DATASET ENTRIES:
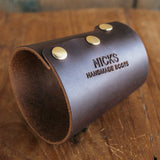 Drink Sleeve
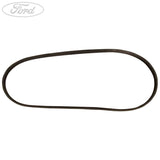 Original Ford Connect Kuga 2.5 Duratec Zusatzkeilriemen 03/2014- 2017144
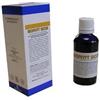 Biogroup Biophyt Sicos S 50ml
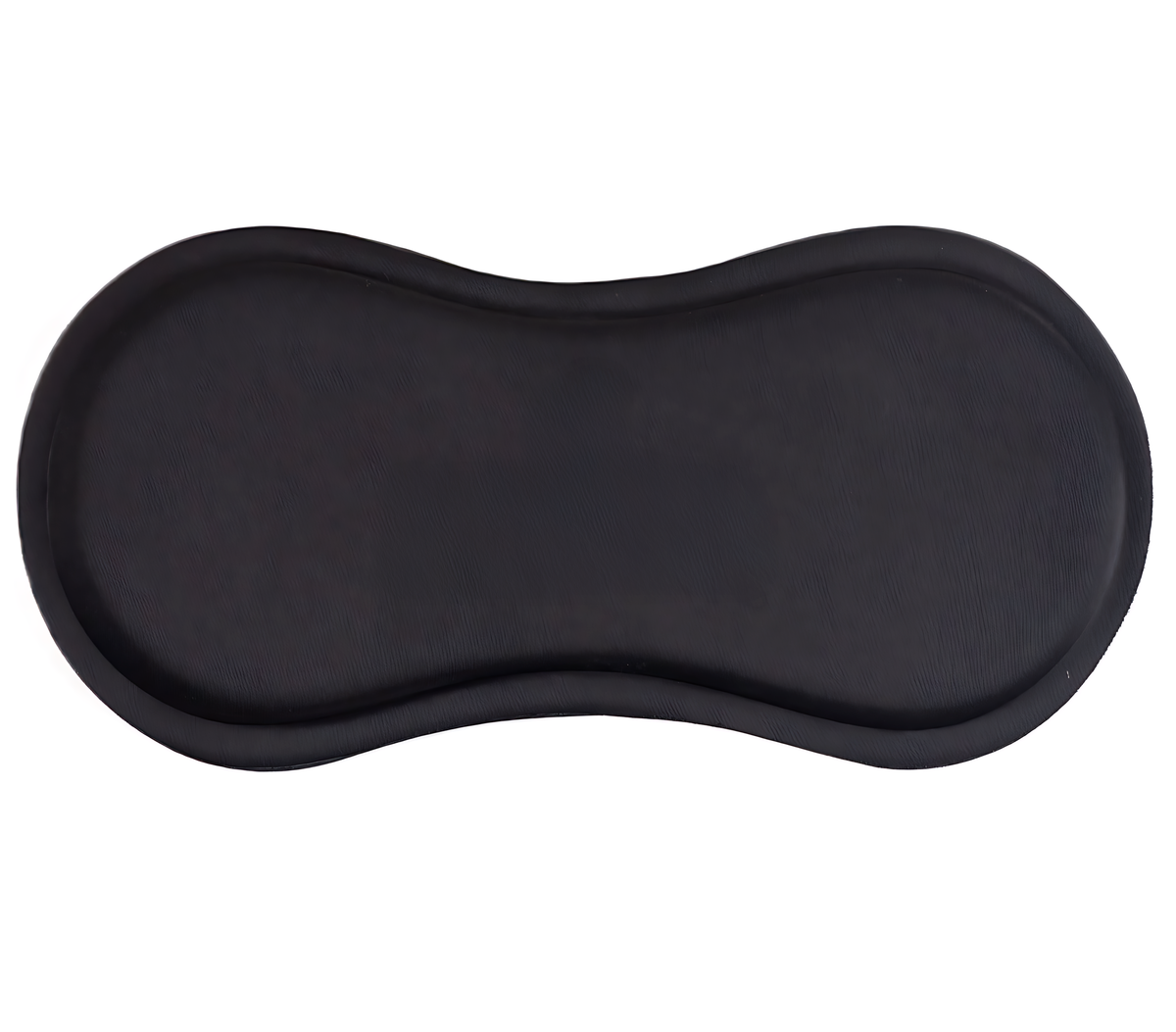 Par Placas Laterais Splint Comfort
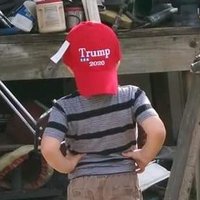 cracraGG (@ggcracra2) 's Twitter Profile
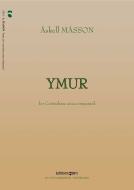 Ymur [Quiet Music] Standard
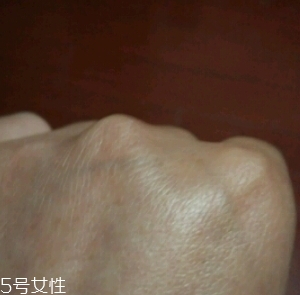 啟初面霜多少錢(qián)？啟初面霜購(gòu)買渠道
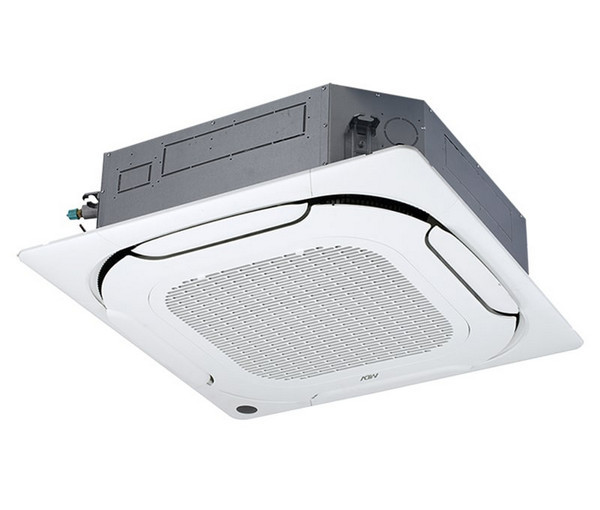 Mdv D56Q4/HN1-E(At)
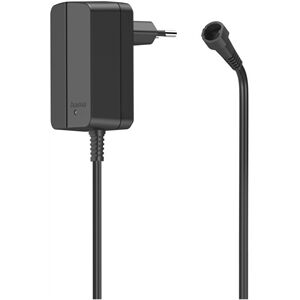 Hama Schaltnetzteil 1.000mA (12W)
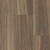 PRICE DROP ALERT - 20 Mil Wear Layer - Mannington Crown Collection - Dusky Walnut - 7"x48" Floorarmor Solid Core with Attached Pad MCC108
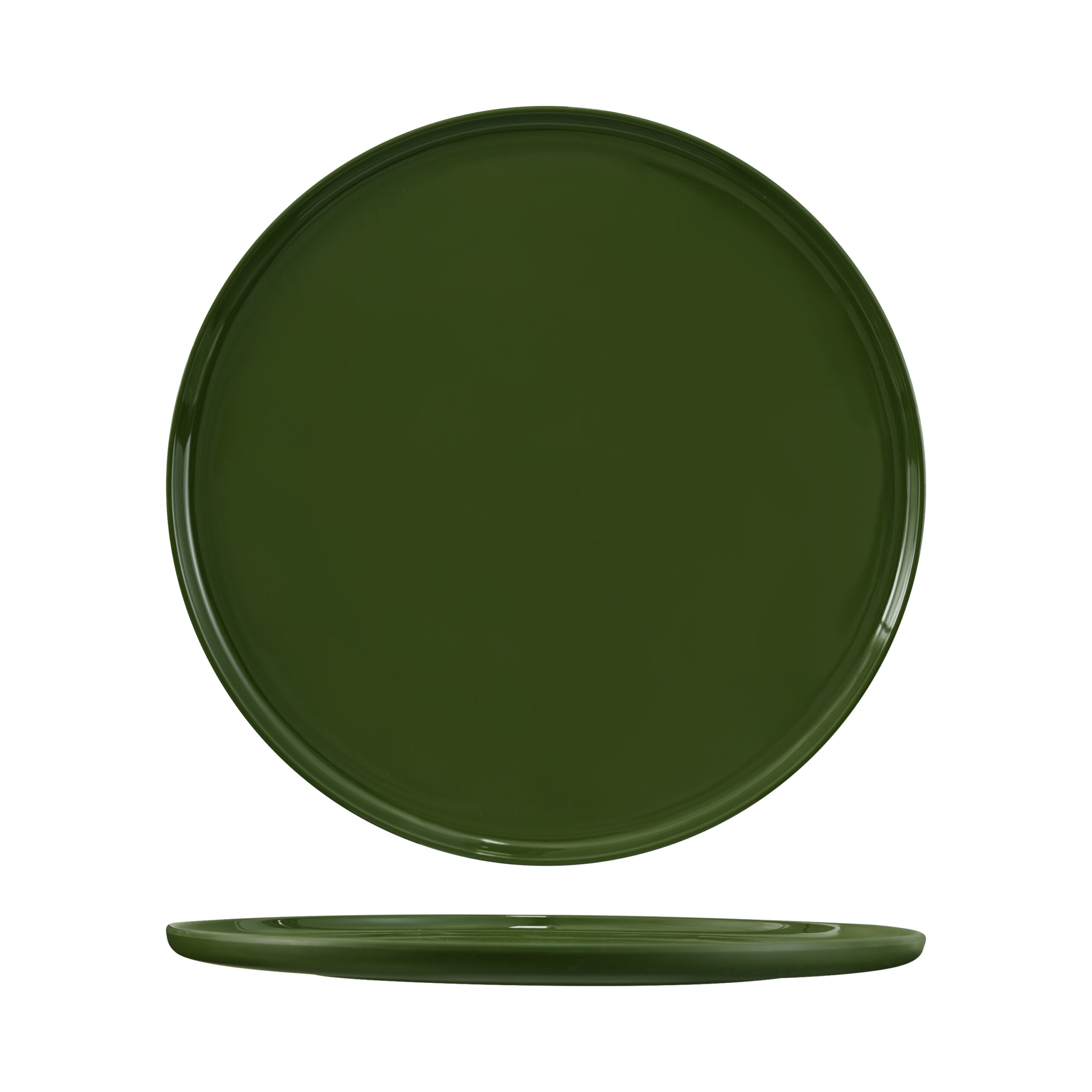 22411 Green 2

---

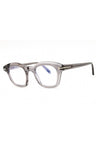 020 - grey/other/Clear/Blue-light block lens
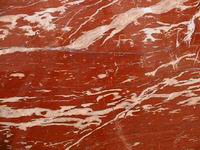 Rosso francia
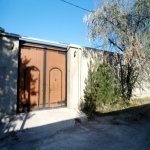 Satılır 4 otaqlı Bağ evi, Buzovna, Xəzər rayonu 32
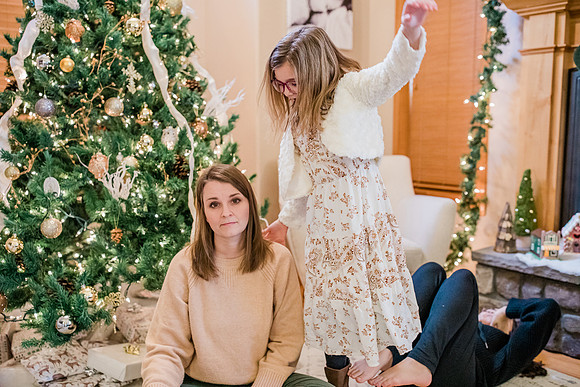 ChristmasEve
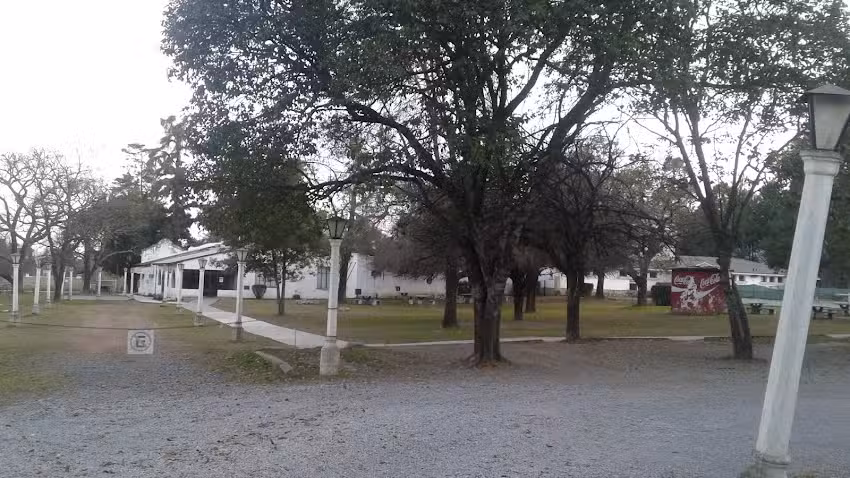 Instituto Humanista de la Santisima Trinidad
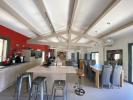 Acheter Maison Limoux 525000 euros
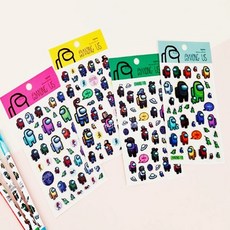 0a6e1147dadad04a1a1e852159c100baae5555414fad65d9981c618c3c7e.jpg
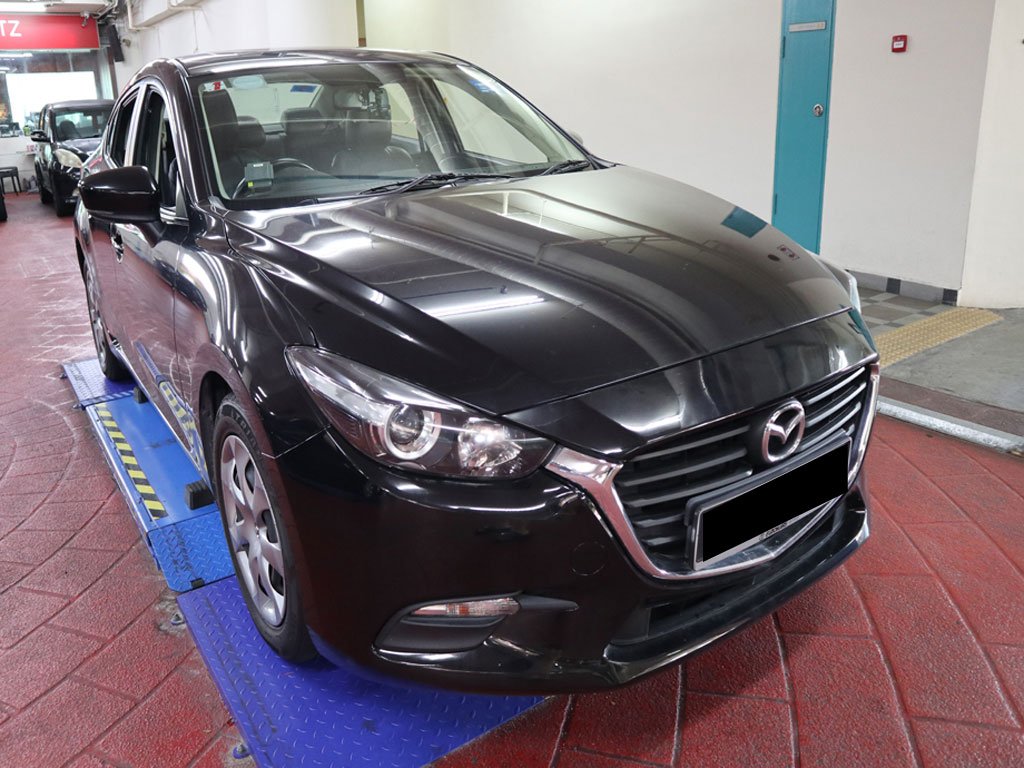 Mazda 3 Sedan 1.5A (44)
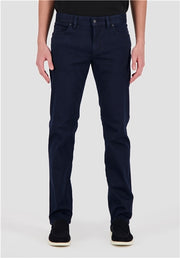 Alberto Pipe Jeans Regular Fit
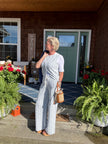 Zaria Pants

THE PROBLEM:
Nothing except the lines from the one containing "cracraGG (@ggcracra2) 's Twitter Profile" through the one containing "22411 Green 2" should appear in the answer, exactly as above and without pictures.

EXERCISE ANSWER:
 cracraGG (@ggcracra2) 's Twitter Profile
 Ymur [Quiet Music] Standard
 啟初面霜多少錢(qián)？啟初面霜購(gòu)買渠道
 Mdv D56Q4/HN1-E(At)
 Hama Schaltnetzteil 1.000mA (12W)
 PRICE DROP ALERT - 20 Mil Wear Layer - Mannington Crown Collection - Dusky Walnut - 7"x48" Floorarmor Solid Core with Attached Pad MCC108
 22411 Green 2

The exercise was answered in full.